From the outside, it can be easy to get fatigued with Somalia’s seemingly endless violence and bouts of hunger, of which there have been three just in the past decade. The worst was a famine in 2010-2012 killed an estimated quarter-million people.
If Omar had never left Somalia, World Bank statistics indicate her life would be something like this: She could expect to live 57 years. She would have six children, one of whom would die before the age of 5. She would have less than a one in three chance of having access to clean water, and a one in two chance of not having enough to eat.
According to the Borgen Project, there is only a one in four chance that she would be able to read.
But if you dig into those statistics, you find a number of them actually have been heading in the right direction. For instance, just since 2010, infant mortality has dropped from 96.9 per 1,000 births to 79.7. Life expectancy increased three years.

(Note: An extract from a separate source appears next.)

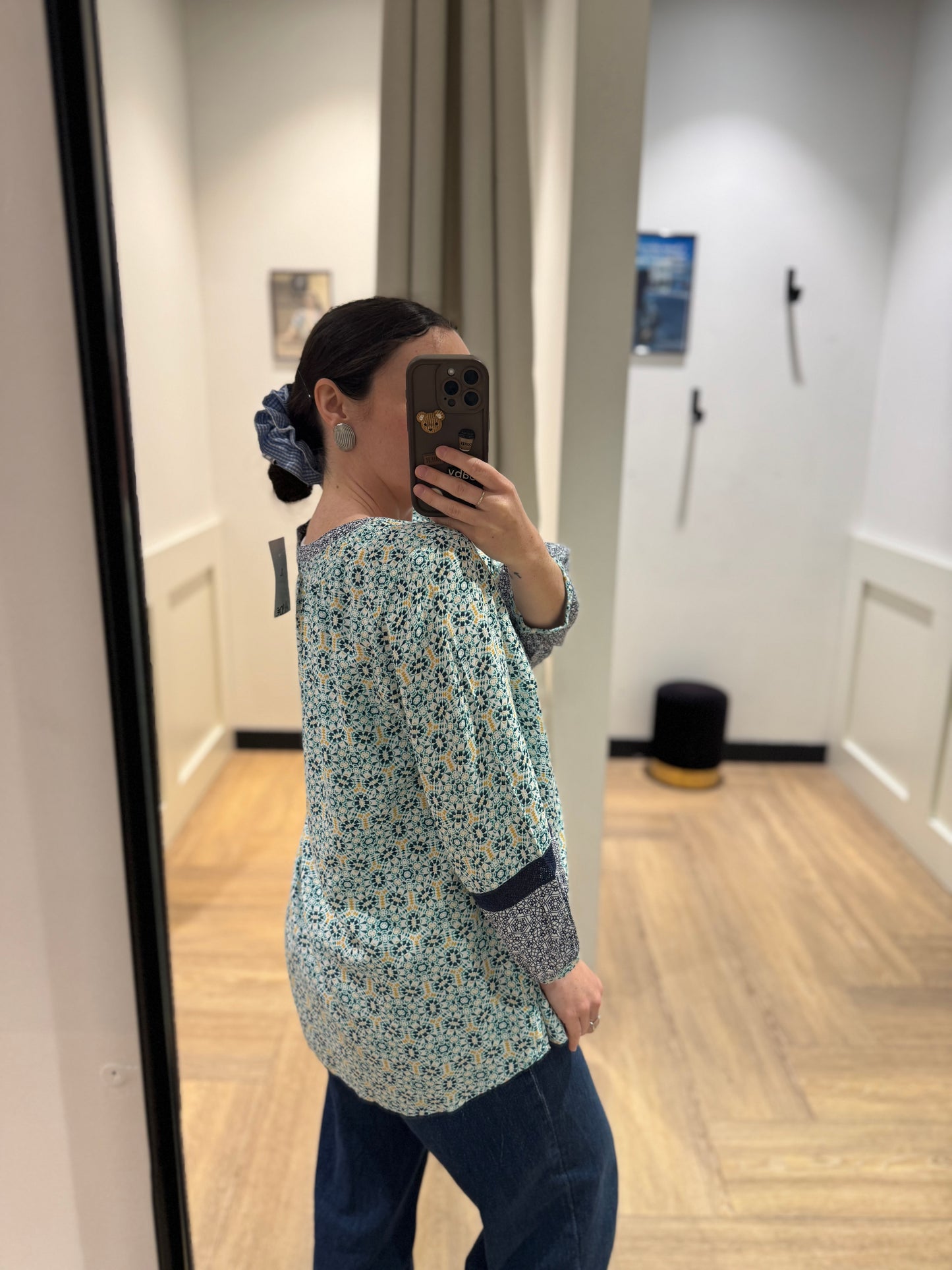 Blouse à motifs géométriques XL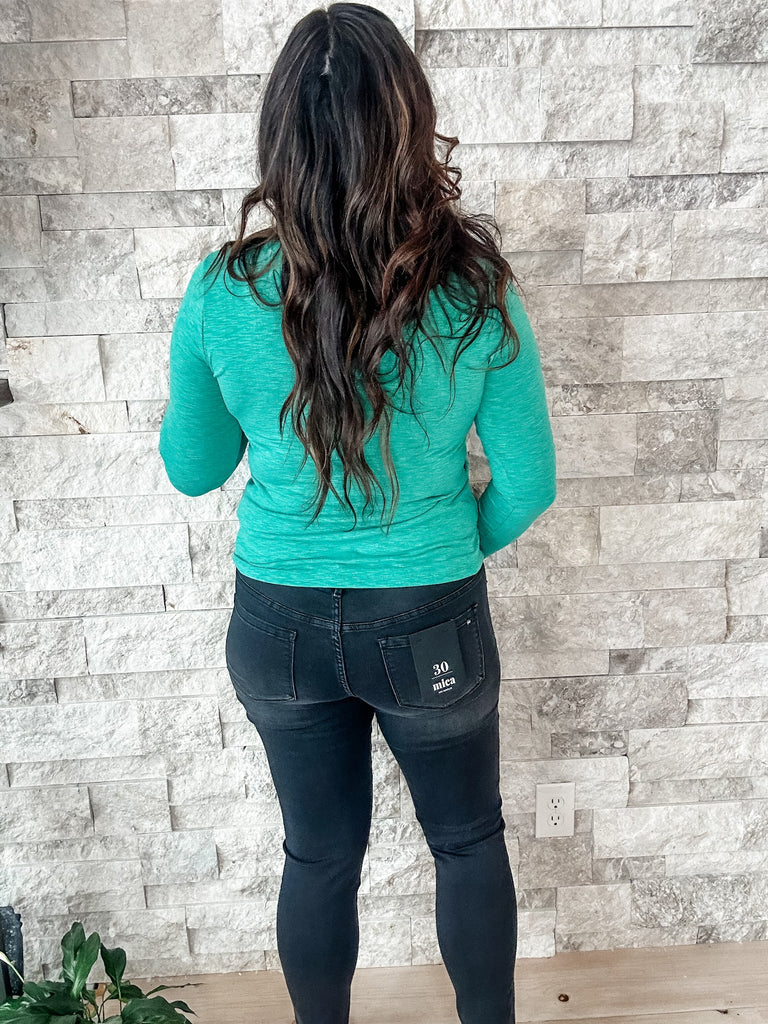 Super Soft Mid-Rise Knit Denim Skinny (24-32) - PREORDER-500 History-Mica Denim-Hello Friends Boutique-Woman's Fashion Boutique Located in Traverse City, MI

Yet climate change can help undo the gains in short order. Writing in the Guardian earlier this month, Mustafa Tahir, the acting country director for the aid agency Islamic Relief, said two-thirds of Somalis live in rural areas and are completely dependent on seasonal rains, and that the frequency and duration of dry spells was increasing. A report by the Institute for Security Studies said climate change feeds armed conflict in Somalia by increasing pressure for scarce resources, driving young men with few other prospects to join militant groups and vastly increasing internal migration.
In attacking Omar and the other members of Congress, Trump said they ought to focus on fixing foreign governments that are among “the worst, most corrupt and inept anywhere in the world.” He almost certainly had Somalia in mind.
The Trump administration is far from cutting Somalia loose. Under Trump, U.S. policy is a variant of what it has long been – providing aid and killing militants.
The U.S. has been a major donor to Somalia for many years, providing more than $3 billion in humanitarian aid since 2006, according to the State Department. As the Washington Post reported last month, it sent another $400 million last year, and it just reopened an office of the U.S. Agency for International Development, or USAID, that had been closed since 1991.
Under Trump, the U.S. also has loosened rules of military engagement, and drone strikes against the Shabab militant group have increased steadily. After launching 47 strikes in 2018, there were 44 in the first six months of this year, attacks that have killed nearly 300 people so far. In addition, the U.S. has about 500 troops on the ground in Somalia. So despite the “America first” rhetoric, Trump hasn’t exactly disengaged. And he apparently hasn’t come up with any better ideas.
Another hungry season appears to be coming to Somalia. One better idea would be to acknowledge the role that climate change has in creating the misery, and work urgently to address it. That wouldn’t make everything better, and in the long run it might be nothing more than a Band-Aid. It’s one thing, however, this White House won’t do.